Crawled caption data
_____

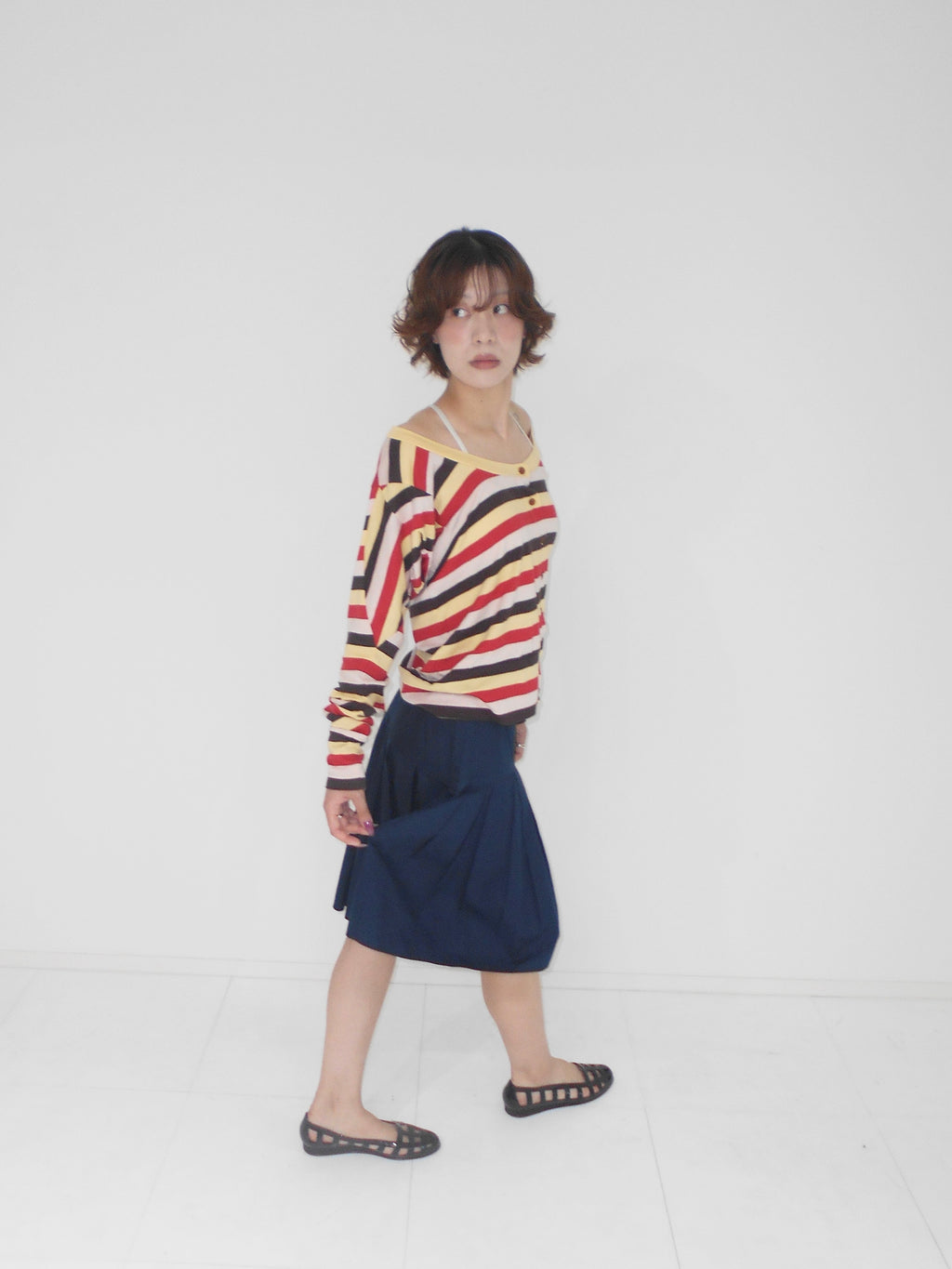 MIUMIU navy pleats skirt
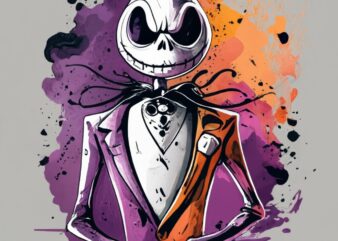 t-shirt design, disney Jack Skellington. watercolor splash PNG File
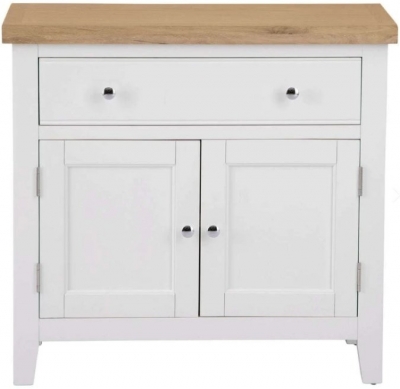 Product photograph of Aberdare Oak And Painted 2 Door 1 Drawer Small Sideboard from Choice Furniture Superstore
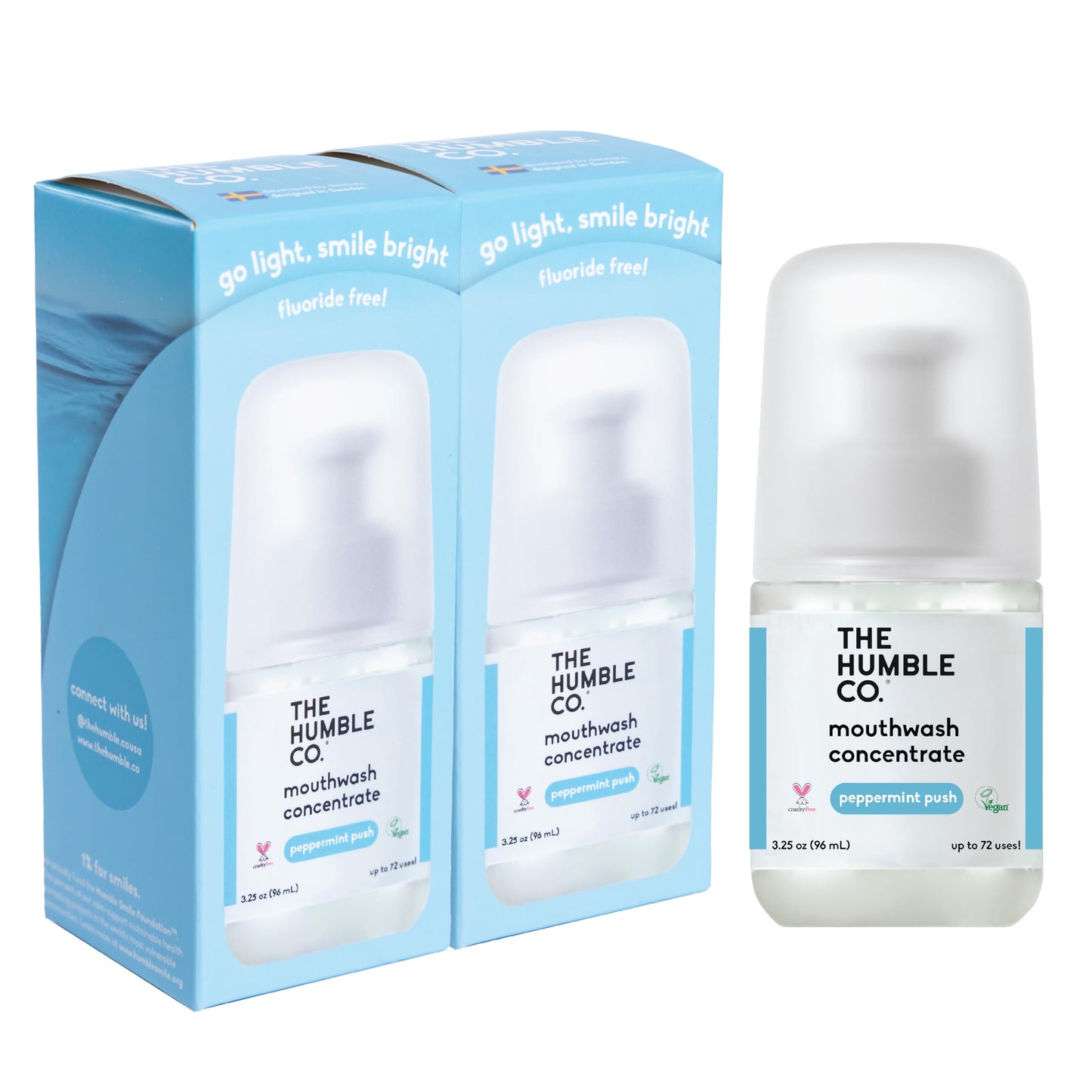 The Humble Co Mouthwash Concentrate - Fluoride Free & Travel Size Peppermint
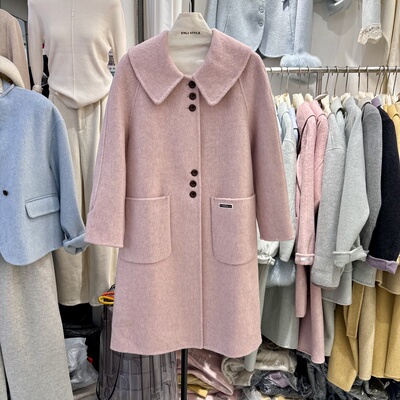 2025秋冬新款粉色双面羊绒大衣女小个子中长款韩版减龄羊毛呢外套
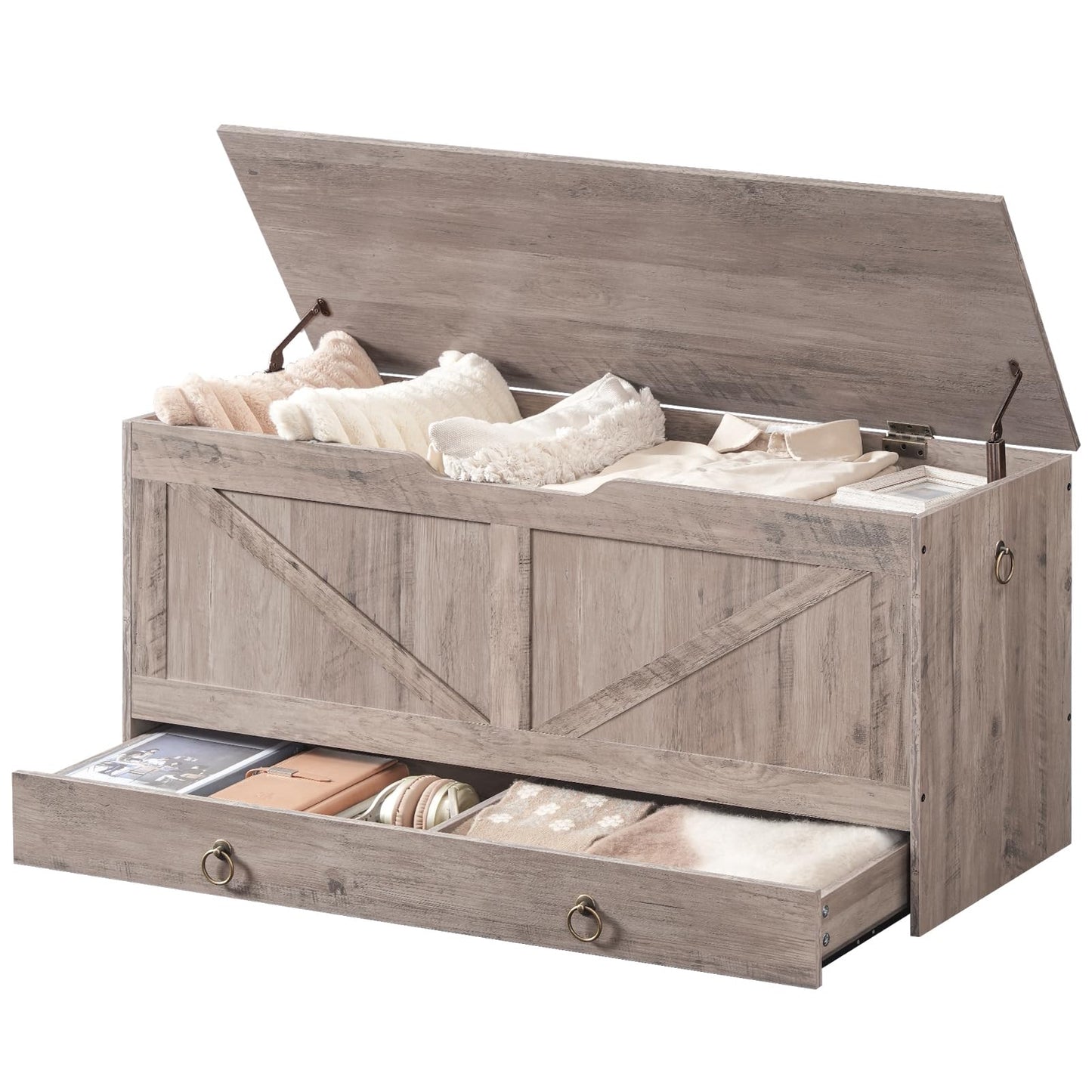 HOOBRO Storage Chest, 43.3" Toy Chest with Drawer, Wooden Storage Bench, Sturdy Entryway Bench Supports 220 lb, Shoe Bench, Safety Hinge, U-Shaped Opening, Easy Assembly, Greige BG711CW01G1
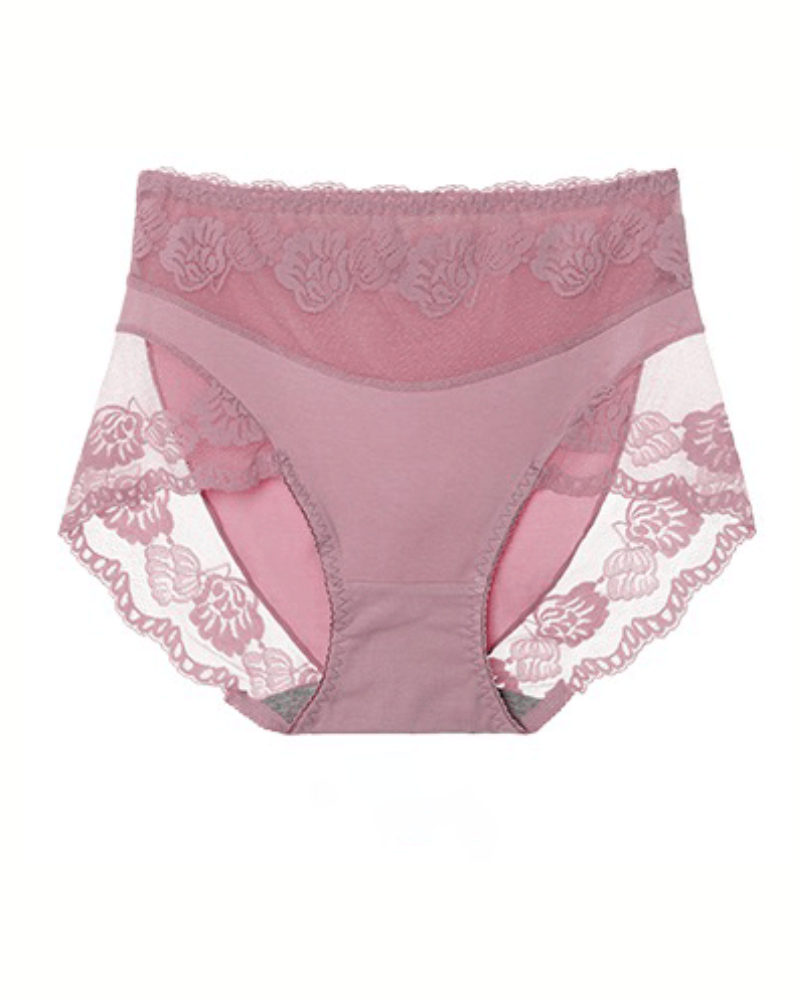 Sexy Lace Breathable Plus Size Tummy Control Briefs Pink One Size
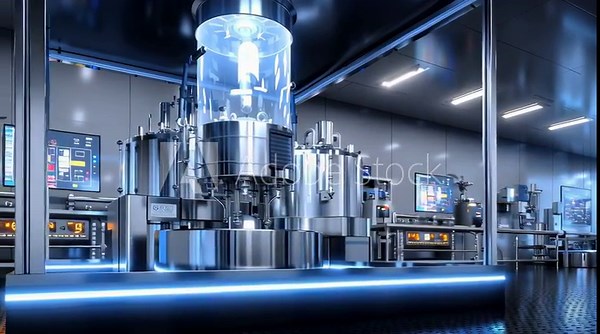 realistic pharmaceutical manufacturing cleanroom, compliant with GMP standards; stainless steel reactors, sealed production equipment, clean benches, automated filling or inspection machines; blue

_____

Task to complete
The goal is an exact reprint of the entries, leaving out the pictures.

Solution for this task
 MIUMIU navy pleats skirt
 t-shirt design, disney Jack Skellington. watercolor splash PNG File
 Product photograph of Aberdare Oak And Painted 2 Door 1 Drawer Small Sideboard from Choice Furniture Superstore
 The Humble Co Mouthwash Concentrate - Fluoride Free & Travel Size Peppermint
 2025秋冬新款粉色双面羊绒大衣女小个子中长款韩版减龄羊毛呢外套
 HOOBRO Storage Chest, 43.3" Toy Chest with Drawer, Wooden Storage Bench, Sturdy Entryway Bench Supports 220 lb, Shoe Bench, Safety Hinge, U-Shaped Opening, Easy Assembly, Greige BG711CW01G1
 Sexy Lace Breathable Plus Size Tummy Control Briefs Pink One Size
 realistic pharmaceutical manufacturing cleanroom, compliant with GMP standards; stainless steel reactors, sealed production equipment, clean benches, automated filling or inspection machines; blue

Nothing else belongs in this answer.